[Opening Raw data section]

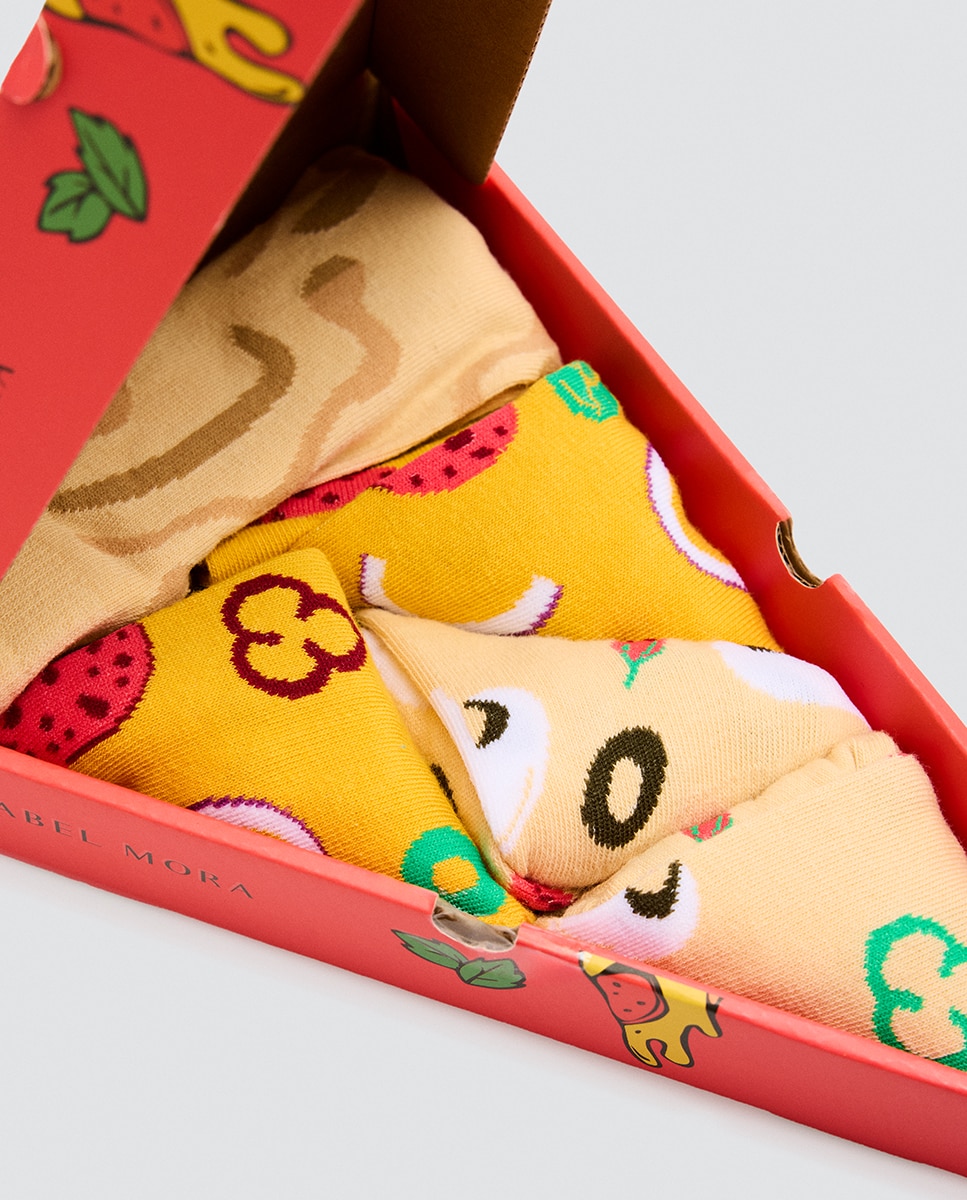 Pack regalo calcetines pizza - Ysabel Mora - Multicolor Multicolor-1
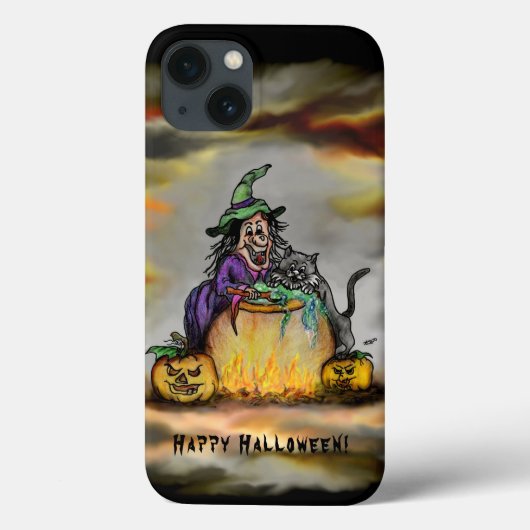 Coques Case-Mate iPhone Sorcière et chat noir, Happy Halloween ! (Verso)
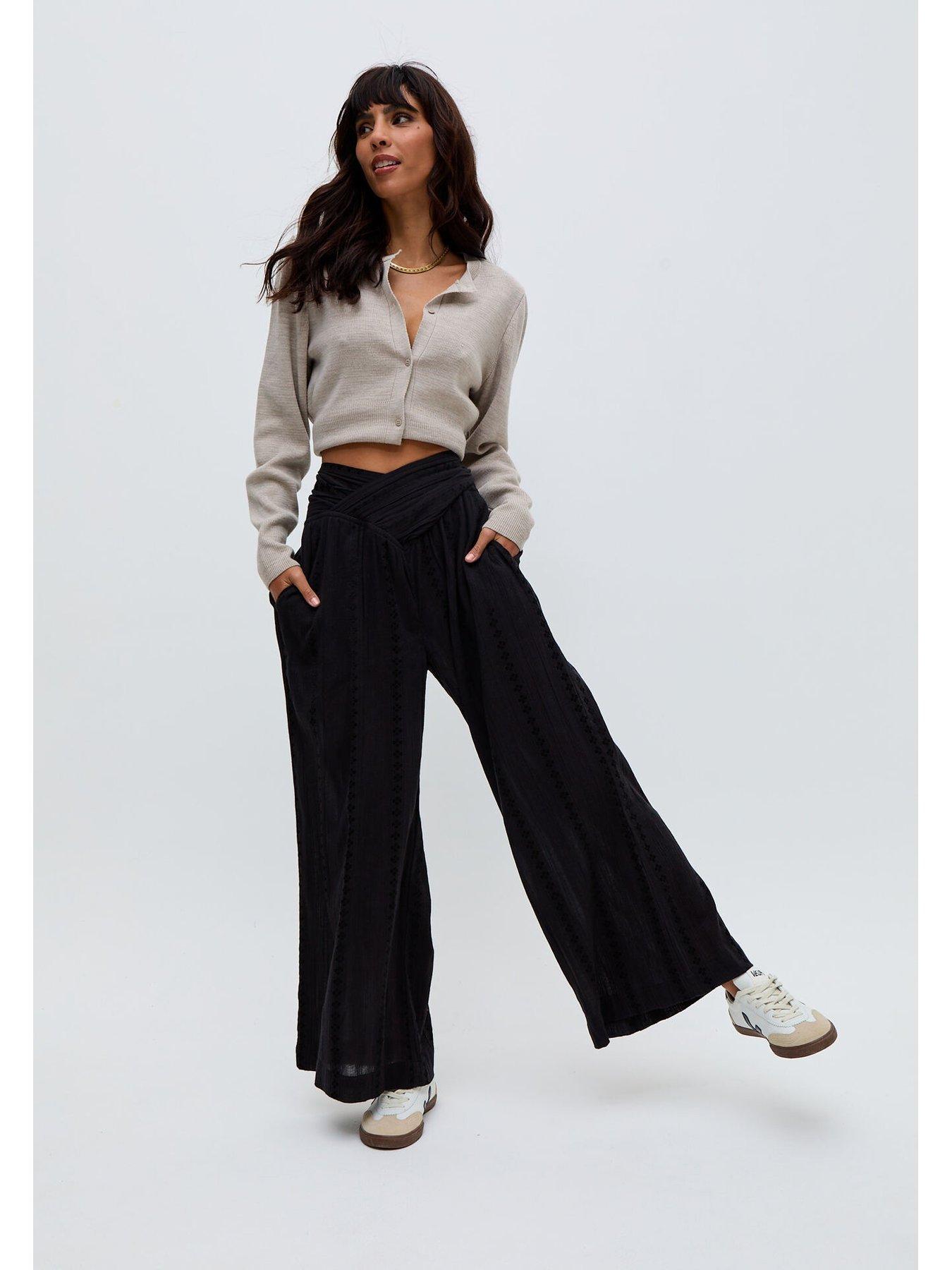 Image 3 of 6 of Raffya Farrah Wide Leg Jacquard Trouser - Black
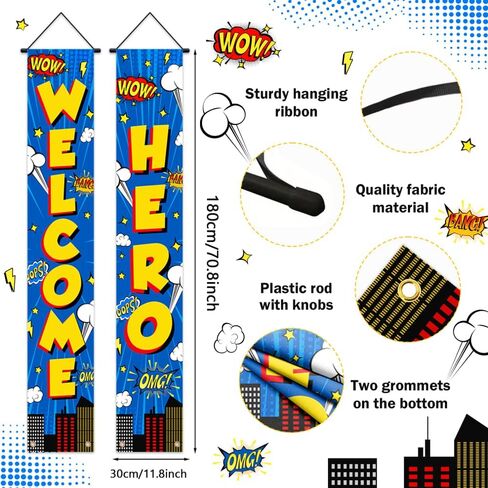 Welcome Hero Porch Sign Decorations Banner Hero Door Front Door Decorative Hanging Welcome Hero Banner Porch Decorations Indoor Outdoor 70.8x11.8inch in Saudi Arabia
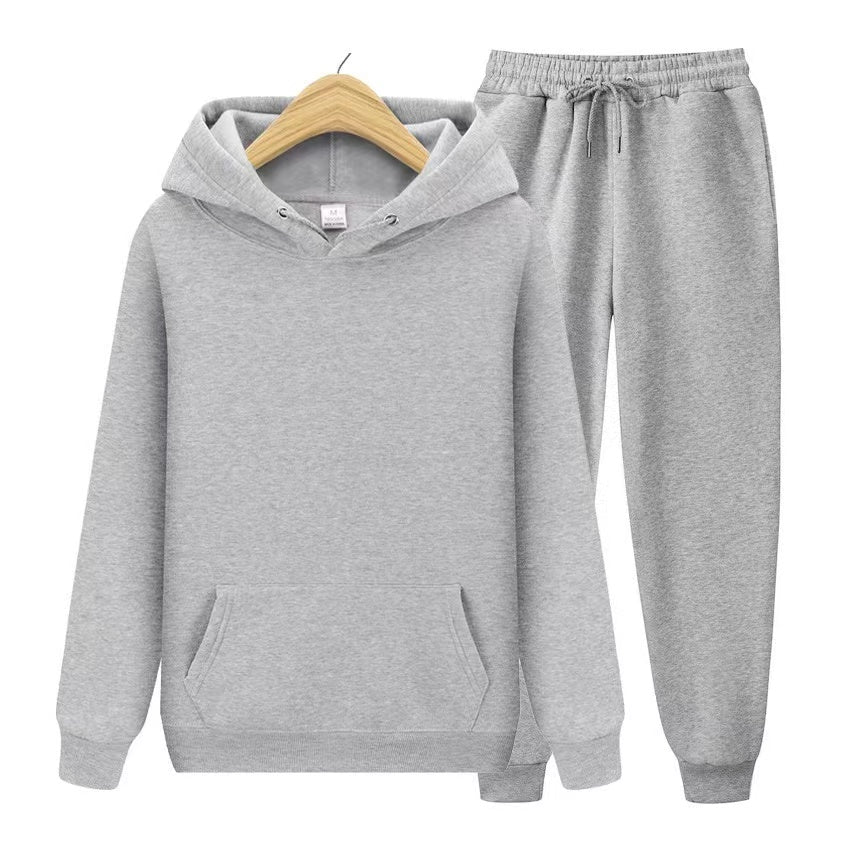 Sweatsuit - Comfy - Two-Piece - Hoodie Jogger Set - Men's Jogging Suit Sets-Chaps of London-Gray-S-Chaps of London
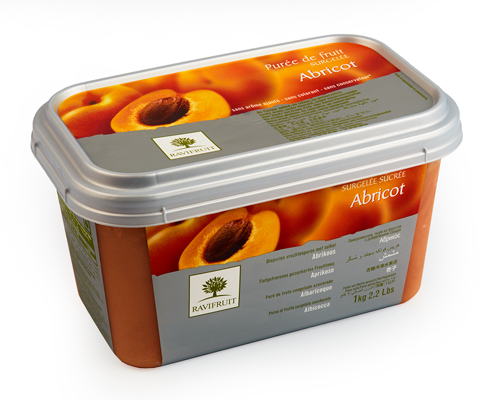 PURÉE D'ABRICOT  SURGELÉE AVEC 10% SUCRE - RAVIFRUIT 5 x 1 kg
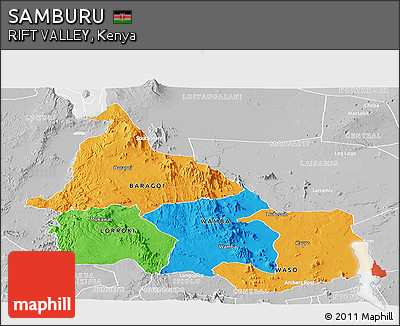 Political Panoramic Map of SAMBURU, lighten, desaturated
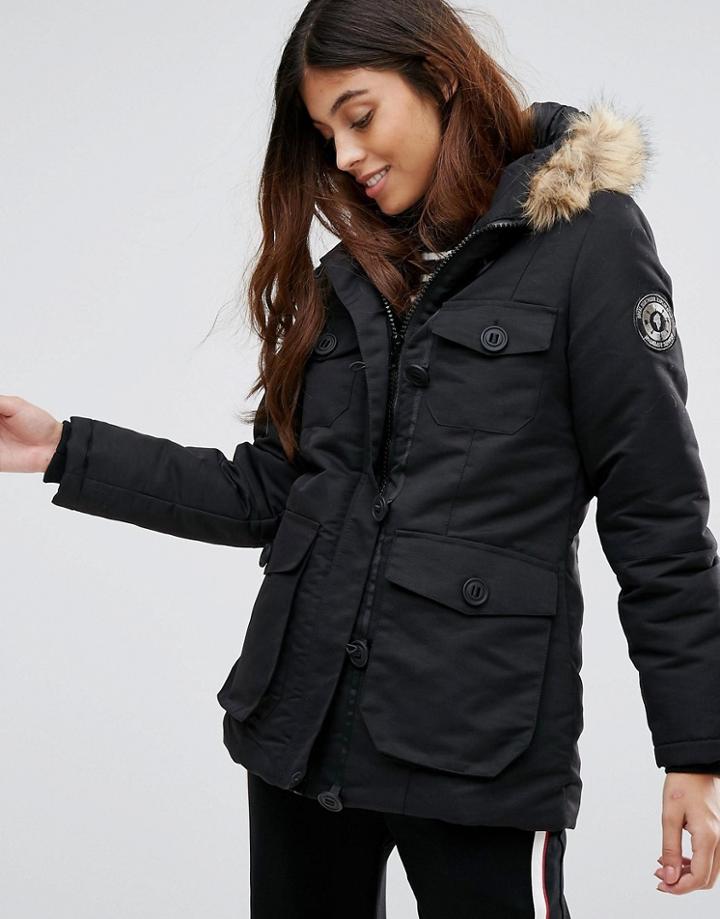 Brave Soul Riverdale Heavy Parka With Rubberised Trims - Black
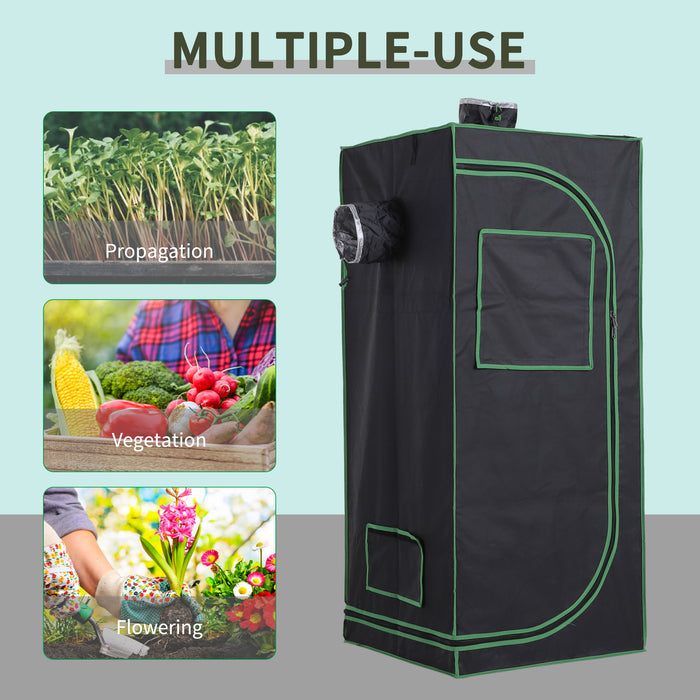 Hydroponic Plant Grow Tent with Viewing Window and Tool Bag - 60x60x140cm Compact Black/Green Indoor Gardening Enclosure - Ideal for Urban Farmers & Small Space Gardening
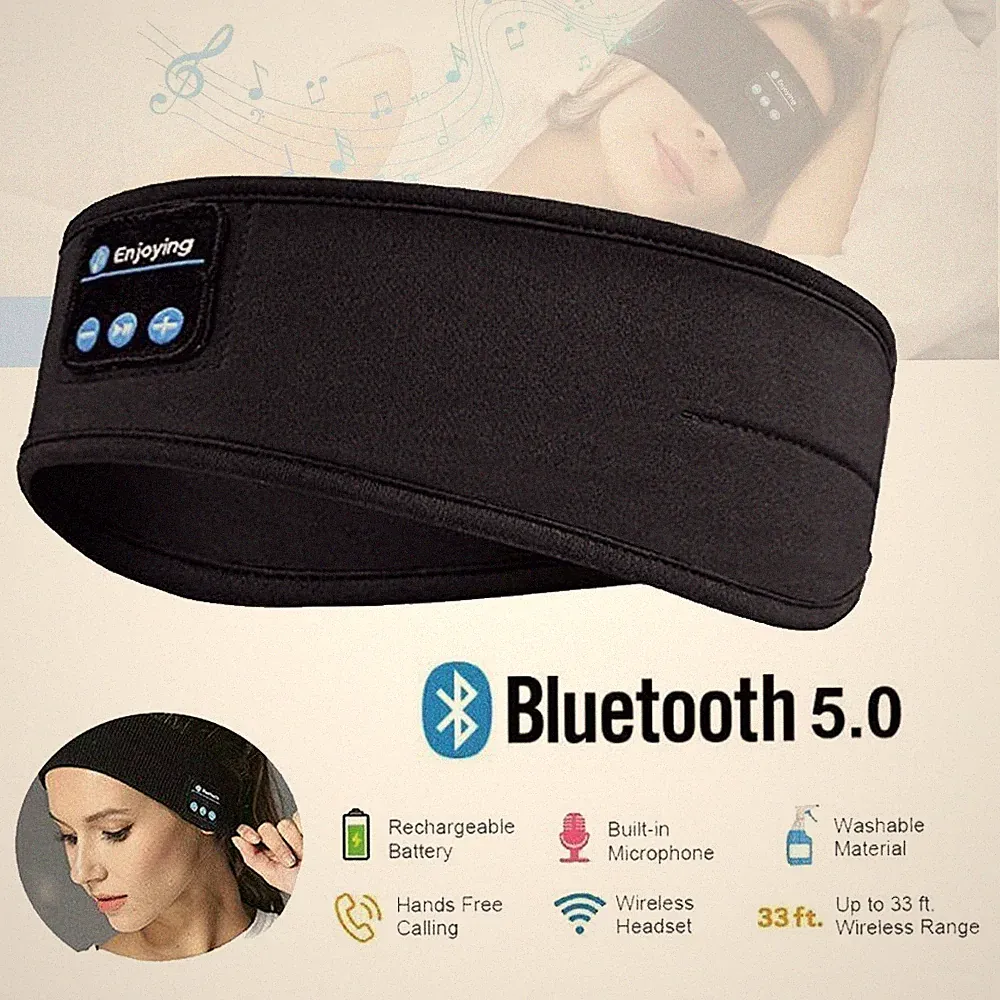 Schlafkopfhörer Bluetooth 5.0 Yoga Stirnband Kopfhörer Sportmusik-Kopfhörer DE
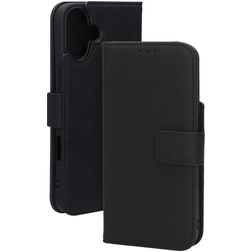 Mobiparts Wallet iPhone 16 Plus MagSafe Pravá kůže Knížkové pouzdro Peněženka - Černá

[Closing Raw data section]

[Exercise objective]: Give back, exactly and without pictures, the stretch of the records above from the line containing "Brave Soul Riverdale" through the line containing "Hydroponic Plant Grow", with both end lines included.

[Expected answer]:
 Brave Soul Riverdale Heavy Parka With Rubberised Trims - Black
 Hydroponic Plant Grow Tent with Viewing Window and Tool Bag - 60x60x140cm Compact Black/Green Indoor Gardening Enclosure - Ideal for Urban Farmers & Small Space Gardening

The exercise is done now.